Of course EROEI should have also been mentioned in that discussion of King Romney’s frantic grab for what’s left of our bequeathment of the Earth’s ancient, high energy density, carbon-based fuel. A detailed report, entitled A New Long Term Assessment of Energy Return on Investment (EROI) for U.S. Oil and Gas Discovery and Production, was published last year which sheds some light on this subject of what we are getting back from the investment spent extracting today’s fossil fuels. Here’s an abstract from the paper:

Oil and gas are the main sources of energy in the United States. Part of their appeal is the high Energy Return on Energy Investment (EROI) when procuring them. We assessed data from the United States Bureau of the Census of Mineral Industries, the Energy Information Administration (EIA), the Oil and Gas Journal for the years 1919–2007 and from oil analyst Jean Laherrere to derive EROI for both finding and producing oil and gas. We found two general patterns in the relation of energy gains compared to energy costs: a gradual secular decrease in EROI and an inverse relation to drilling effort. EROI for finding oil and gas decreased exponentially from 1200:1 in 1919 to 5:1 in 2007. The EROI for production of the oil and gas industry was about 20:1 from 1919 to 1972, declined to about 8:1 in 1982 when peak drilling occurred, recovered to about 17:1 from 1986–2002 and declined sharply to about 11:1 in the mid to late 2000s. The slowly declining secular trend has been partly masked by changing effort: the lower the intensity of drilling, the higher the EROI compared to the secular trend. Fuel consumption within the oil and gas industry grew continuously from 1919 through the early 1980s, declined in the mid-1990s, and has increased recently, not surprisingly linked to the increased cost of finding and extracting oil.
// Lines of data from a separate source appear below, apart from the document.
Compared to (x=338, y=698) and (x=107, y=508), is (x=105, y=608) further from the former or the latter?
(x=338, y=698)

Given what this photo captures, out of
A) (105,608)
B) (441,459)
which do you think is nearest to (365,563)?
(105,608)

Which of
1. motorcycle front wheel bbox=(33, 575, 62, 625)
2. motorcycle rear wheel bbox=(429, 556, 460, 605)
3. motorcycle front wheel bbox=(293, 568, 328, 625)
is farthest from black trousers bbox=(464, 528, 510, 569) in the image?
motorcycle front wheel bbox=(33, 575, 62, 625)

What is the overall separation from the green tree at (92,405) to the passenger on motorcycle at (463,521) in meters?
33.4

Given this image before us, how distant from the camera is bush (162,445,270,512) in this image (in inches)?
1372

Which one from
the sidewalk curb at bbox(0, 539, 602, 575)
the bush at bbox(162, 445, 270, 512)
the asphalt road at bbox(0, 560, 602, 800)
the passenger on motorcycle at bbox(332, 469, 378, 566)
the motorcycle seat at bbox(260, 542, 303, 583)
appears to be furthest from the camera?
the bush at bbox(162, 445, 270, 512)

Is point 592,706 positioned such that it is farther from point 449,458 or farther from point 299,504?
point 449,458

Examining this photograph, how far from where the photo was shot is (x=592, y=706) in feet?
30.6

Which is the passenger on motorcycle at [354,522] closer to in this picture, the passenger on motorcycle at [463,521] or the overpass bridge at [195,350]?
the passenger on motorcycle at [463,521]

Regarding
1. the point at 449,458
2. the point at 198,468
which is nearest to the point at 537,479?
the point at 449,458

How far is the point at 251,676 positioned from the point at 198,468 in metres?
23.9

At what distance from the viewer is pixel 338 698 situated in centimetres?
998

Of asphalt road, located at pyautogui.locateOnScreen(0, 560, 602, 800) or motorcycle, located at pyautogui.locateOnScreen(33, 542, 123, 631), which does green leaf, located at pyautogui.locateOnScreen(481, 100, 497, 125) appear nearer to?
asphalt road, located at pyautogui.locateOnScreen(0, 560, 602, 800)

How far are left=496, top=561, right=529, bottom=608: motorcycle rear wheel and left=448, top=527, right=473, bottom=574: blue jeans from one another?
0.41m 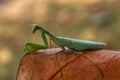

Now some graphs from the research:

eroi eroei discovery for US oil and gas

(source: Guilford, Hall, Connor, Cleveland “A New Long Term Assessment of Energy Return on Investment (EROI) for U.S. Oil and Gas Discovery and Production.” Sustainability 2011, 3, 1866-1887)

As you can see from the above chart, we’ve been bouncing along a tight EROEI corridor of between 3 and 10 compared to the glory days of the first half of the twentieth century when the low hanging fruit didn’t require taking great risks and enormous expense, ultimately resulting in such catastrophes as the Gulf Oil Spill. With Romney at the helm, do you think that risk will be diminished?

Additional charts from 8020 vision:

eroi eroei production for US oil and gas

(source: Guilford, Hall, Connor, Cleveland “A New Long Term Assessment of Energy Return on Investment (EROI) for U.S. Oil and Gas Discovery and Production.” Sustainability 2011, 3, 1866-1887)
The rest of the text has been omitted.